## WORK REQUIRED
Below is a listing; restate from it, character for character, the lines beginning at the line holding "Laser cutting of metals" and ending at the line holding "Écran tactile intérieur", both included.

## GIVEN RECORDS
# # # #

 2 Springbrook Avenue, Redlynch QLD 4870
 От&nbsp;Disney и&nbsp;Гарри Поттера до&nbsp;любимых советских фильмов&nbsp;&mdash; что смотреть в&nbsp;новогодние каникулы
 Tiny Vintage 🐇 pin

# # # #

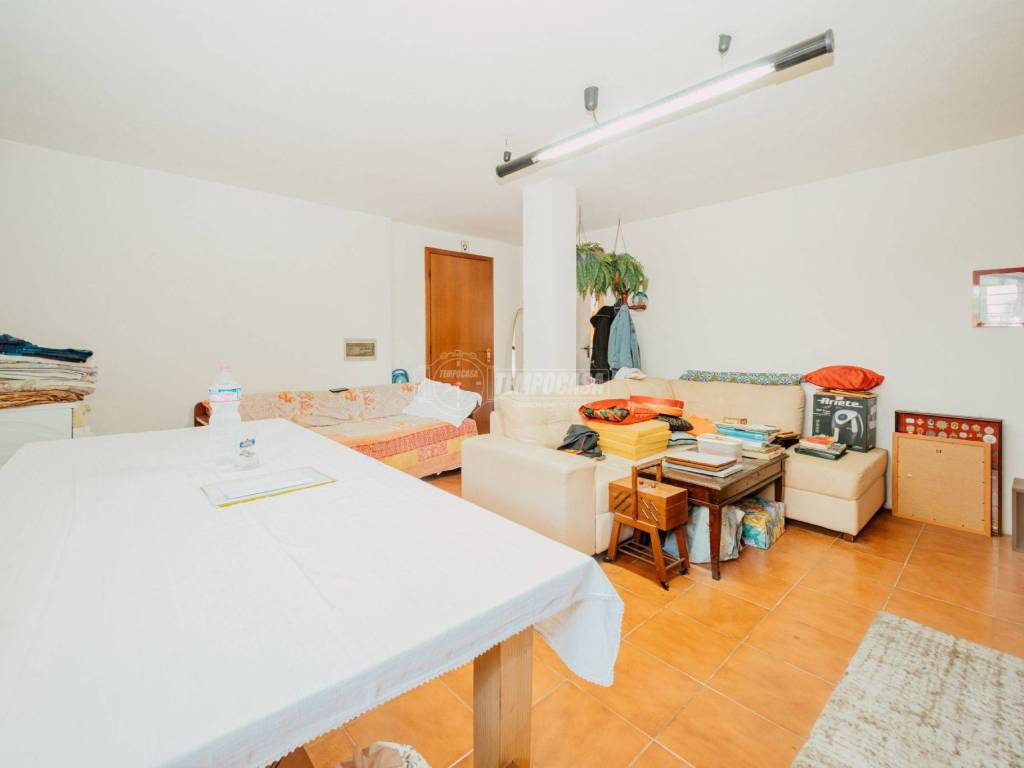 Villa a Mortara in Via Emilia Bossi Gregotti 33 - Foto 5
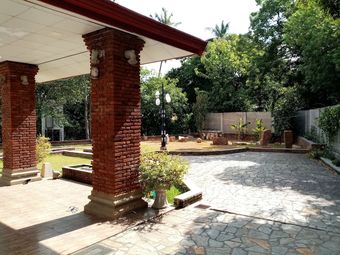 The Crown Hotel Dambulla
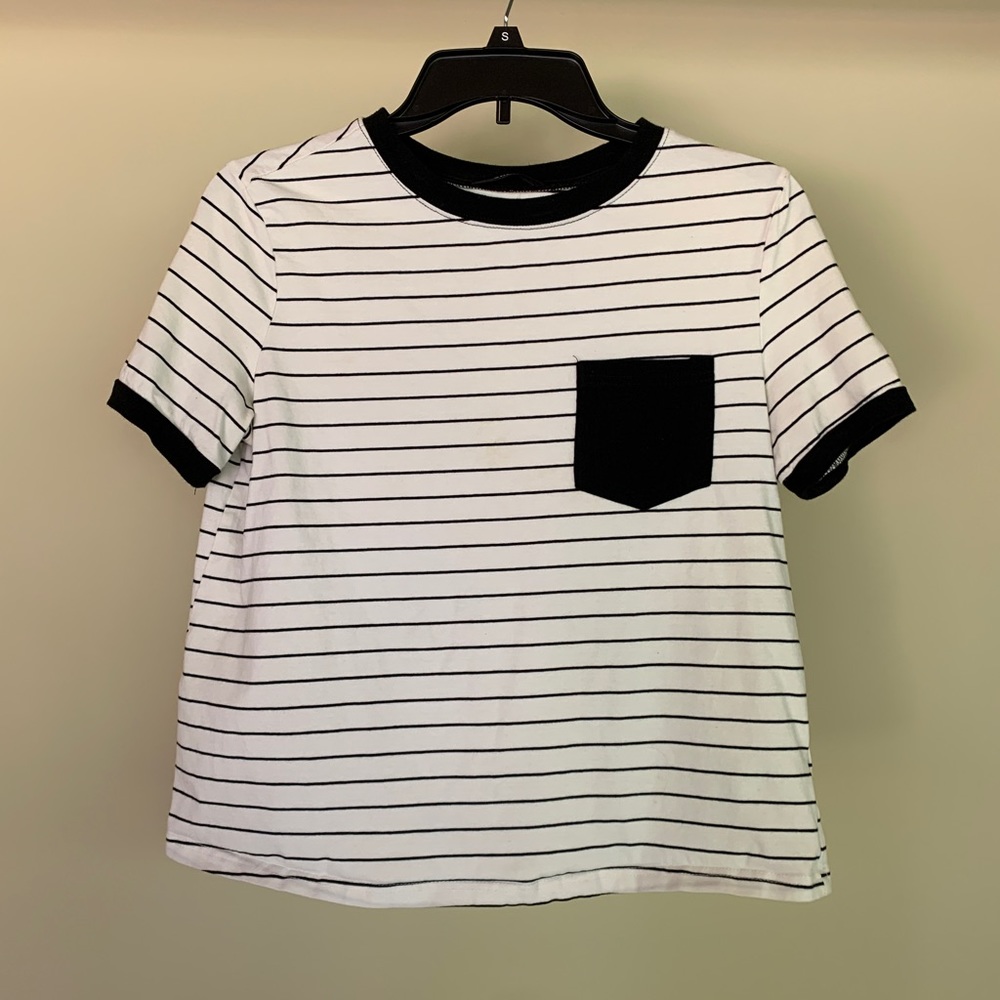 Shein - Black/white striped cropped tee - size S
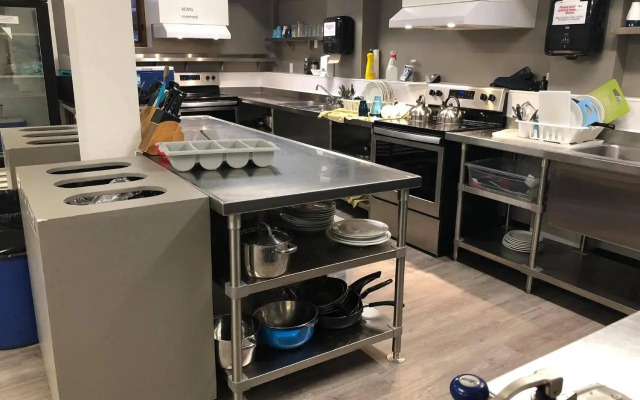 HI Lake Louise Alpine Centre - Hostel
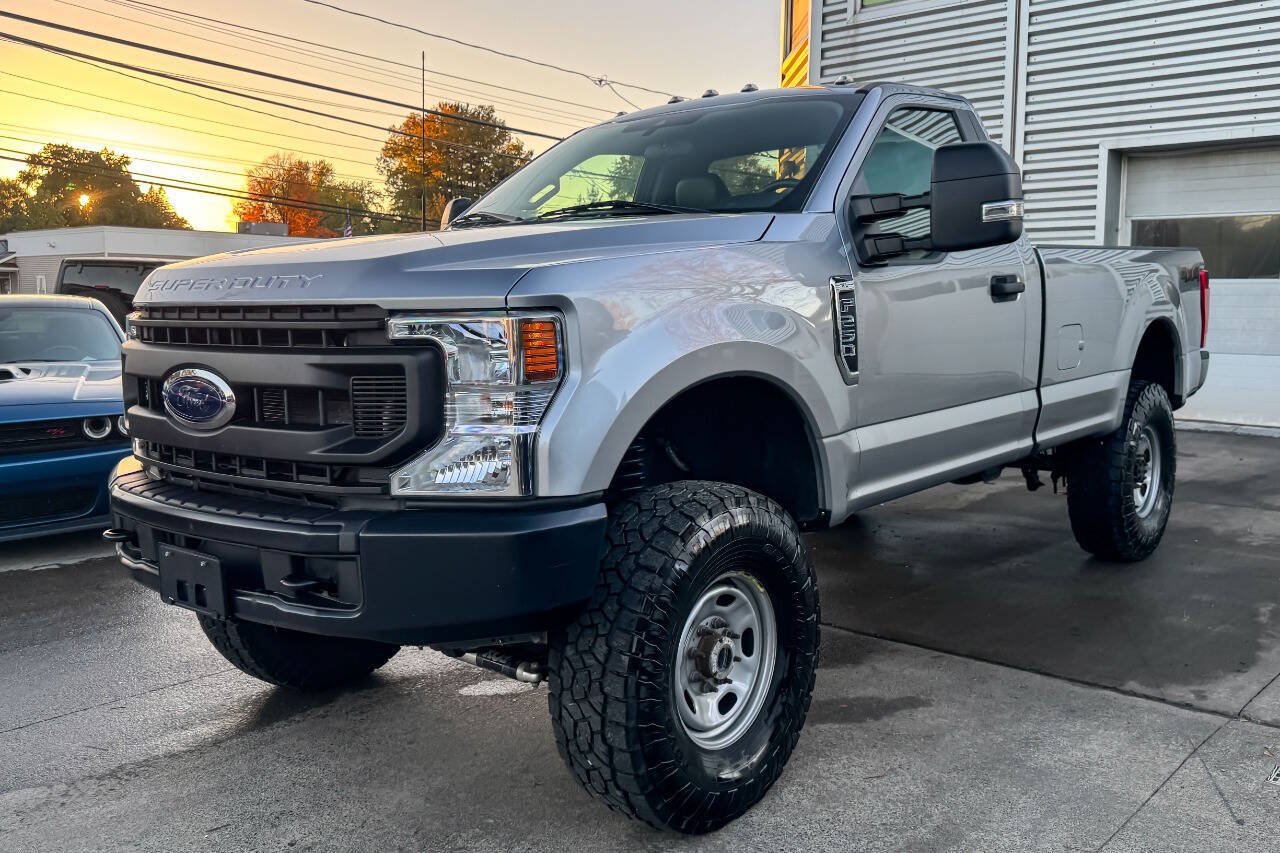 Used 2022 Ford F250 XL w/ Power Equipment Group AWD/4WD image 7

# # # #

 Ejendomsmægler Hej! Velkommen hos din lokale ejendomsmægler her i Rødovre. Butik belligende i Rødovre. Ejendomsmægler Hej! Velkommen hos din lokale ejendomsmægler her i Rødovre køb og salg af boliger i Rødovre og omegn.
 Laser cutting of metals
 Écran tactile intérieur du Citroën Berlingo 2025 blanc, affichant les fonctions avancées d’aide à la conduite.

# # # #

## RESULT OF THIS TASK
 Laser cutting of metals
 Écran tactile intérieur du Citroën Berlingo 2025 blanc, affichant les fonctions avancées d’aide à la conduite.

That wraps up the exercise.